MATERIAL PROVIDED:

======

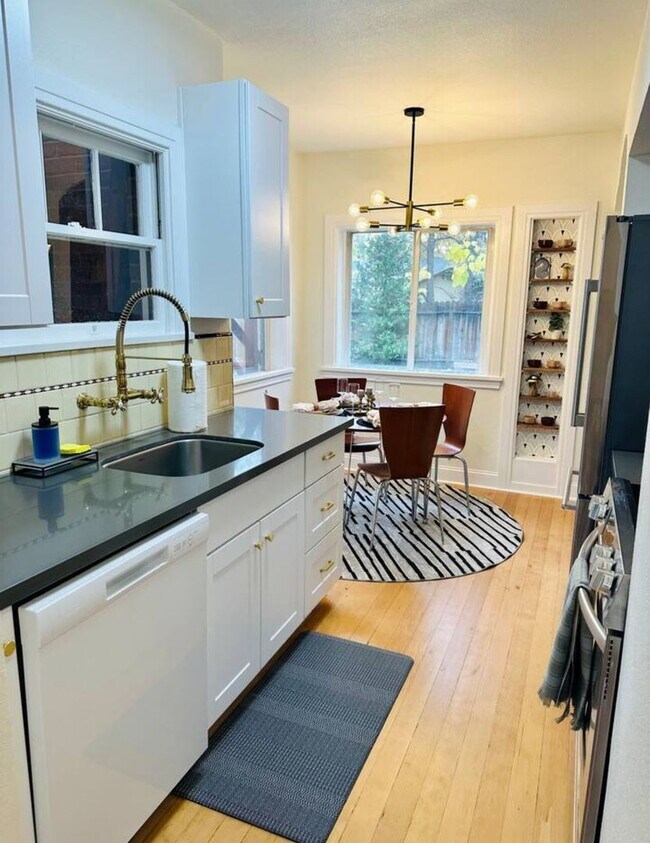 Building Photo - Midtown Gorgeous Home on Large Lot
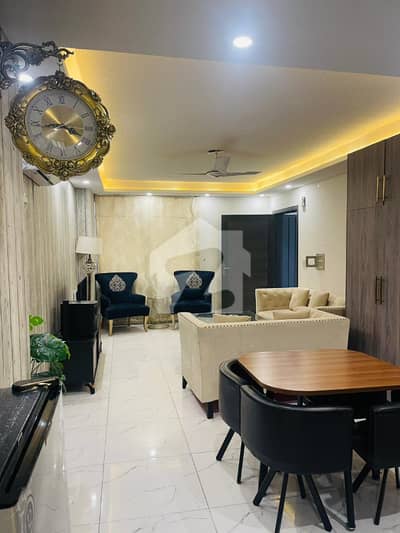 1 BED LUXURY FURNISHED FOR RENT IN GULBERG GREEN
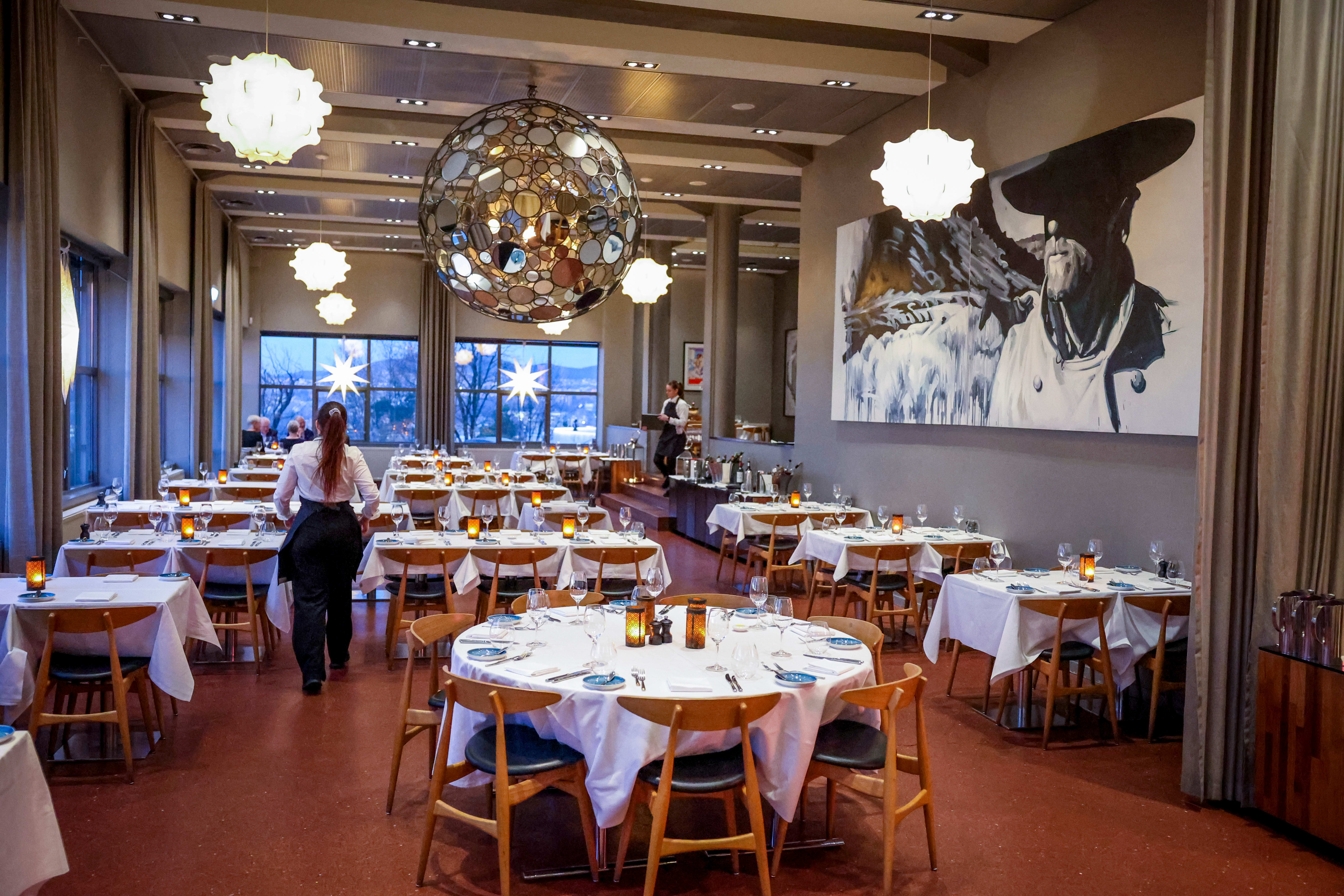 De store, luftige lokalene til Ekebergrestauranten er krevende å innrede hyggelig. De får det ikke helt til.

======

WHAT THE EXERCISE ASKS:
Retype all of the listing above exactly, but keep its pictures out.

YOUR SOLUTION:
 Building Photo - Midtown Gorgeous Home on Large Lot
 1 BED LUXURY FURNISHED FOR RENT IN GULBERG GREEN
 De store, luftige lokalene til Ekebergrestauranten er krevende å innrede hyggelig. De får det ikke helt til.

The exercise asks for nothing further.